━━ TASK INPUT ━━
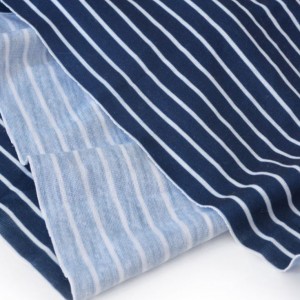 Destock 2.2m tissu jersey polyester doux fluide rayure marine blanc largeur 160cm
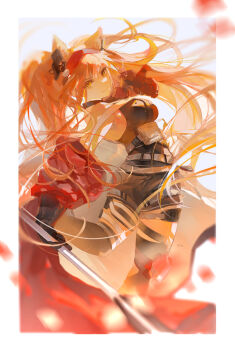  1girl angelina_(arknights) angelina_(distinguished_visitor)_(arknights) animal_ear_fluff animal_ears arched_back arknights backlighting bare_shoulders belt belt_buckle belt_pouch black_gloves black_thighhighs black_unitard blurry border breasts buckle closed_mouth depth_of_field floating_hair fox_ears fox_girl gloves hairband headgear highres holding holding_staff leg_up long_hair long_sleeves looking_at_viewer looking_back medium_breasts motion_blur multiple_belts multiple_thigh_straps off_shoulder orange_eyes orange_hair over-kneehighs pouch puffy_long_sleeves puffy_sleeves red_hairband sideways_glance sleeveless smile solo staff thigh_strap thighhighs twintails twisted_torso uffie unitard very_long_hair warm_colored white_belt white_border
━━━
━━ TASK INPUT ━━
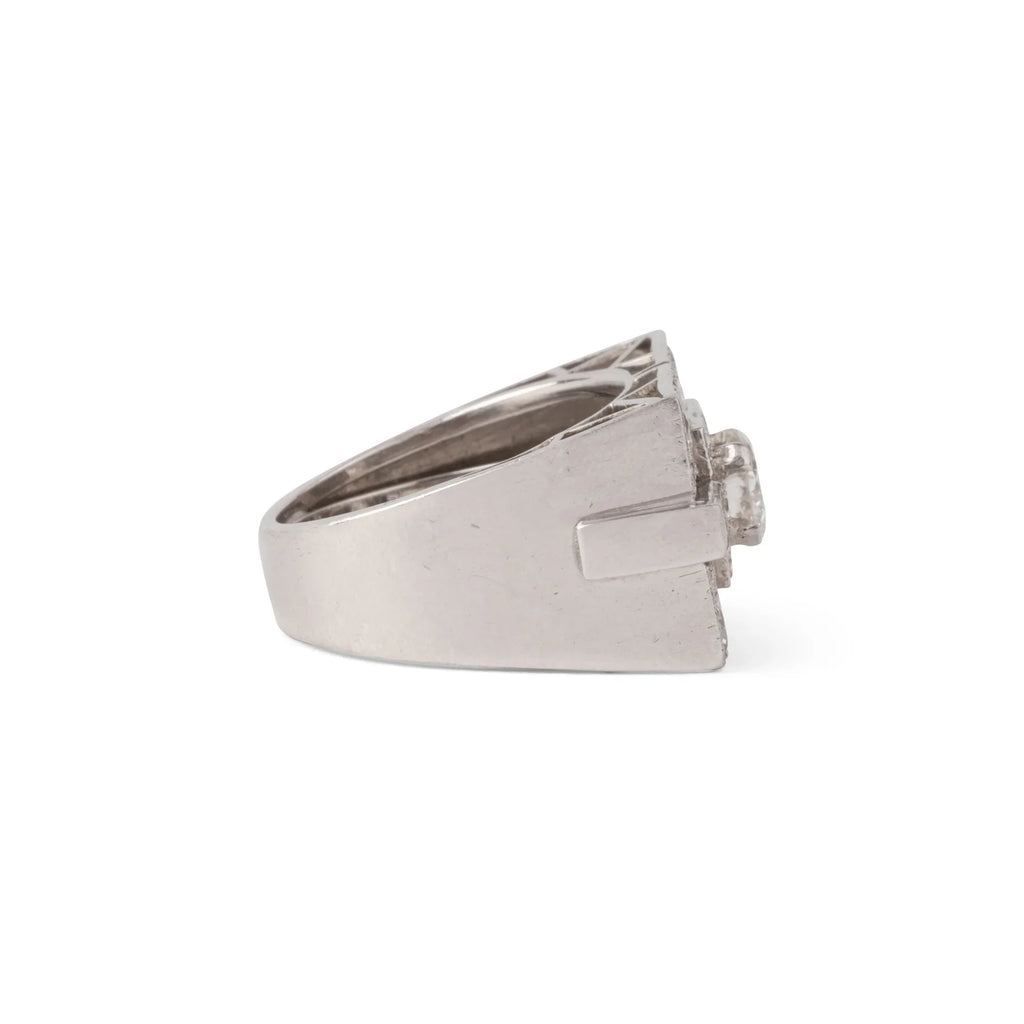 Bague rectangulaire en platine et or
━━━
Go back to the lines above and output, exactly as they stand, the ones from the line containing "Destock 2.2m tissu" to the line containing "warm_colored white_belt white_border". Leave all pictures behind.

SOLUTION:
 Destock 2.2m tissu jersey polyester doux fluide rayure marine blanc largeur 160cm
  1girl angelina_(arknights) angelina_(distinguished_visitor)_(arknights) animal_ear_fluff animal_ears arched_back arknights backlighting bare_shoulders belt belt_buckle belt_pouch black_gloves black_thighhighs black_unitard blurry border breasts buckle closed_mouth depth_of_field floating_hair fox_ears fox_girl gloves hairband headgear highres holding holding_staff leg_up long_hair long_sleeves looking_at_viewer looking_back medium_breasts motion_blur multiple_belts multiple_thigh_straps off_shoulder orange_eyes orange_hair over-kneehighs pouch puffy_long_sleeves puffy_sleeves red_hairband sideways_glance sleeveless smile solo staff thigh_strap thighhighs twintails twisted_torso uffie unitard very_long_hair warm_colored white_belt white_border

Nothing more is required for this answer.